**REQUIRED WORK**: Exact transcript, pictures excluded: write out every record below.

**RECORDS TO USE**:
══════════════════════════════
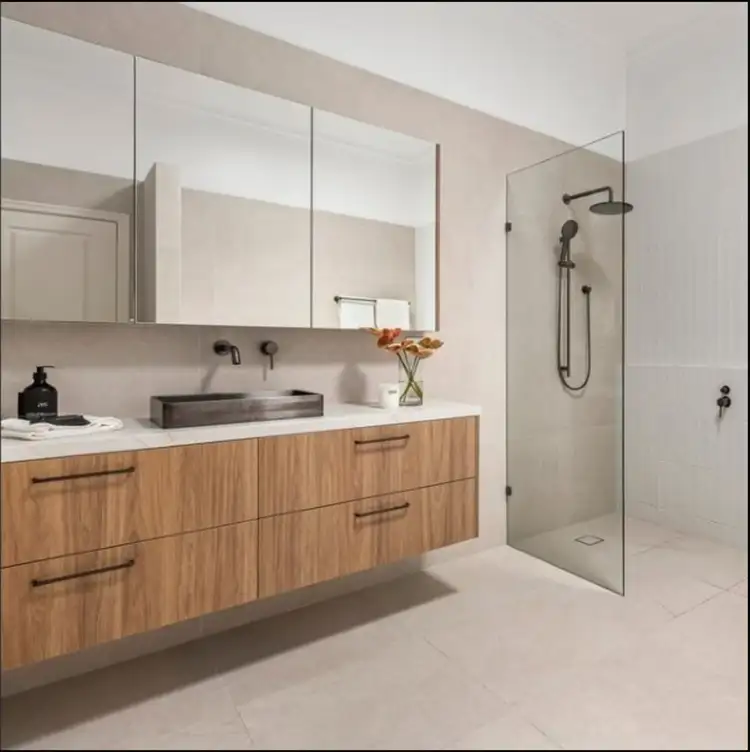 Fourth view of Homely house listing, Address available on request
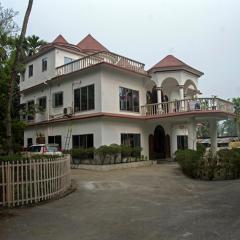Saanjh Homestay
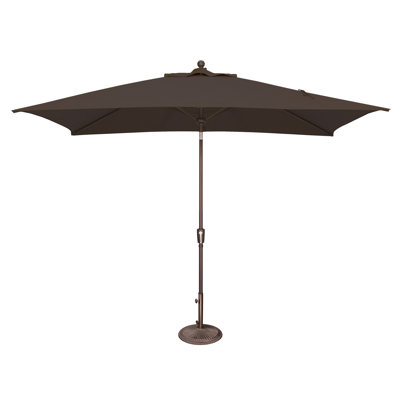 Launceston 6.5' Umbrella
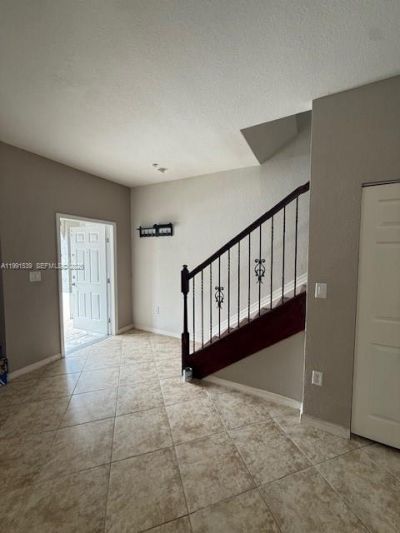 4920 SW 140th Ter, Unit 4, Miramar, FL 33027 Photo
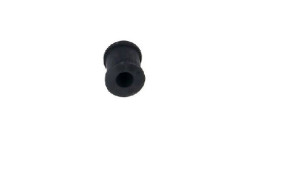 RUBBER MOUNTING FOR SHOCK ABSORBER ASP.MB.3104130 901 323 0285 314-318CDI-311CDI-313CDI-316CDI-308D-312D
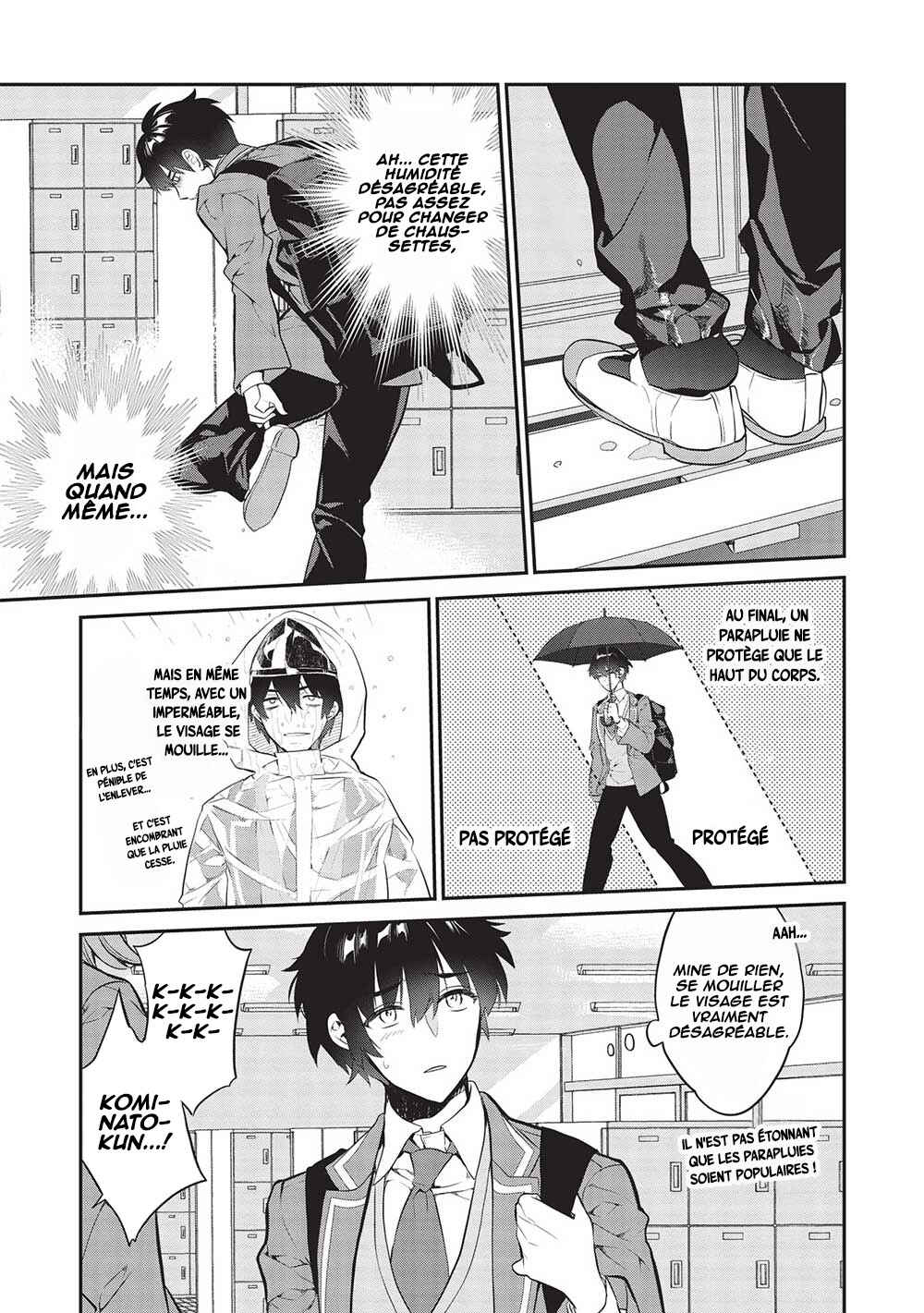 Chapter 13 - Page 4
══════════════════════════════
**RESPONSE TO THE EXERCISE**:
 Fourth view of Homely house listing, Address available on request
Saanjh Homestay
 Launceston 6.5' Umbrella
 4920 SW 140th Ter, Unit 4, Miramar, FL 33027 Photo
 RUBBER MOUNTING FOR SHOCK ABSORBER ASP.MB.3104130 901 323 0285 314-318CDI-311CDI-313CDI-316CDI-308D-312D
 Chapter 13 - Page 4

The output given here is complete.